When the fuss about pulling the ‘Chechen material’ had peaked, comments by the NTV press secretary provoked a new wave of anger in the press. Maria Bezborodova said ‘the piece really was shown in the Far East, after which the management [of the TV company] took the decision to send it for revision, verification and elaboration of facts, basically a fairly common practice in editorial news work’.
It was possibly the suggestion that this was ‘common practice’ that brought about the further media scandal. In recent years people have had more than enough of this practice. They’ve had so much of it that they are beginning to choke on it. The TV channel management could hardly have had any real concerns about the material, since it had been broadcast in the Far East and the Urals. Or are standards of objectivity and accuracy lower in the eastern than the western part of the country? Of course not. The truth was clear to everyone.
I have been working in Chechnya for many years, and the people abducted by the security forces – first federal forces, then Kadyrov’s – are burnt into my subcortex. The same is true of anyone who has questioned hundreds of mothers whose sons have been taken from home by men in camouflage. Taken nowhere. More than three thousand have ‘disappeared’ since the beginning of the second Chechen war.
Parents, who for years seek their children, are prepared to give anything for a crumb of information, for bones that they might bury.
It is unbearable. And it is unbearable to spend years witnessing others’ tears and to know that you can do nothing.
This spring, together with colleagues from Memorial, the Moscow Helsinki Group and the Committee against Torture, I signed an appeal to President Medvedev. In it we cited official letters from the Investigating Committee of the RF Public Prosecutor’s Office for Chechnya and the Chechnya Public Prosecutor’s Office, in which these state structures directly responsible for the investigation acknowledge their complete helplessness in everything relating to kidnap victims in Chechnya. The Investigating Committee cited sabotage on the part of members of the Chechen security forces, who will not obey any order and do not appear for questioning. The Office of the Public Prosecutor, in turn, contends that the investigators themselves frequently cover up for criminals, so ‘as a result of the delayed institution of criminal proceedings and the passivity and inertness of the investigation, the guilty individuals abscond and the location of the victims is not established.’

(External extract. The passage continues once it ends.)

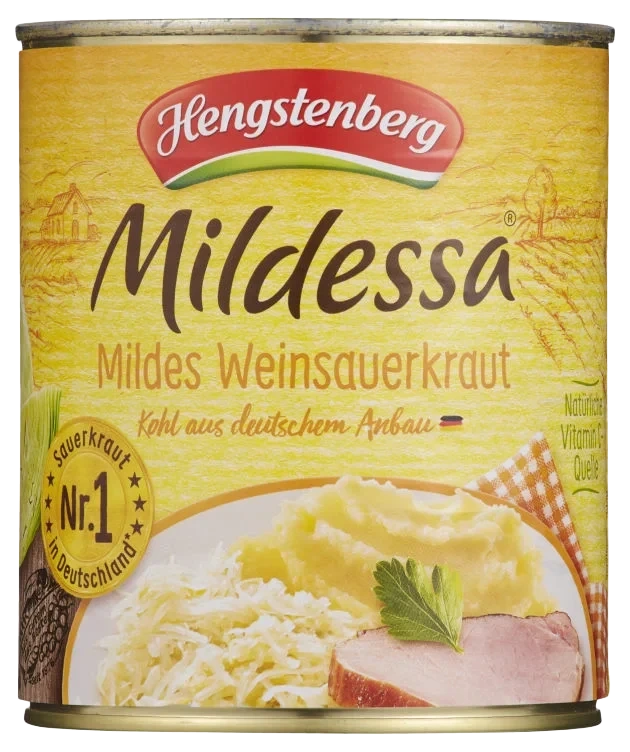 Sauerkraut Mildessa 770g Hengstenberg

'Parents, who for years seek their children, are prepared to give anything for a crumb of information, for bones that they might bury.

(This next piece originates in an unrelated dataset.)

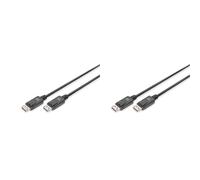 Digitus 2m DP Male to DP Male DisplayPort Connection Cable - Black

It is unbearable. And it is unbearable to spend years witnessing others’ tears and to know that you can do nothing.'
We asked Dmitry Anatolevich Medvedev to intervene in this situation personally so as to ensure that very ‘rule of law’, the necessity for which he has spoken about a number of times over more than three years in the president’s seat. No intelligible response to our appeal followed.

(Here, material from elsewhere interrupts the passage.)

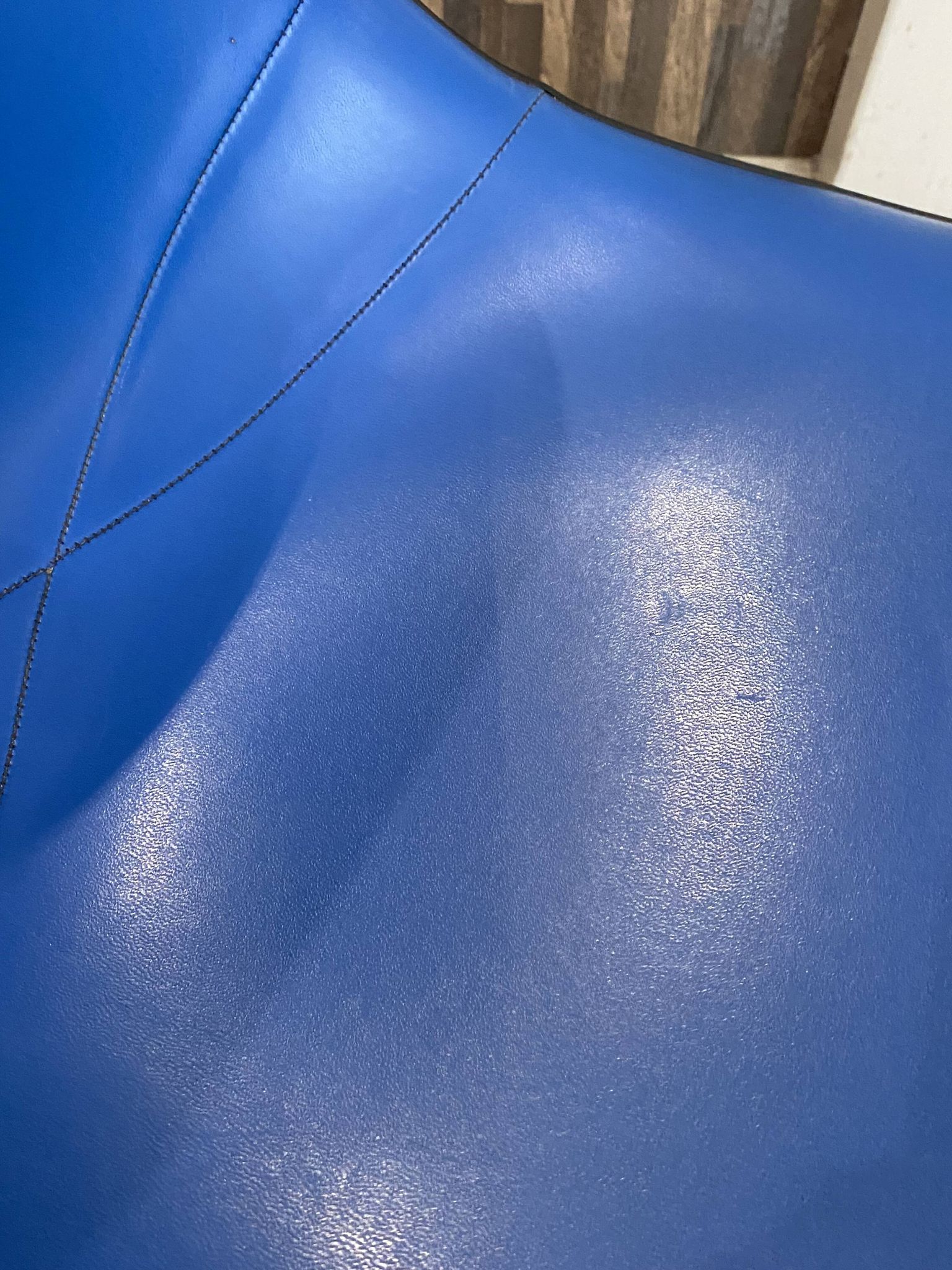 Eames Herman Miller vintage 70s blue vinyl fiberglass chair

And no measures were taken by the federal centre.
The piece, taken off air by NTV last Sunday as part of their ‘common practice’, was built around Umarpashaev’s case, but at the very start viewers see other inhabitants of Chechnya who are working with the Mobile Group. Their children have disappeared. Each of them says literally a few words about their abducted son and asks for help. For these people, Islam Umarpashaev is lucky. Yes, he was tortured. Yes, he sat in a basement for four months. No, he can’t go home, can’t freely walk the streets, work, live a normal life. Any day he could be found and killed. But right now he is alive. And his parents are with him. Are their sons alive? And if they are alive, what if they are so tortured that even death would be a blessing?
I see the publications on the piece pulled from NTV, and rejoice that tolerance of censorship is now breaking down precisely over this topic, and that those who yesterday were unconcerned with Chechnya are today scrutinizing every aspect of Umarpashaev’s case. I rejoice because perhaps, as a result of this, something will change. Something, at least, has to change.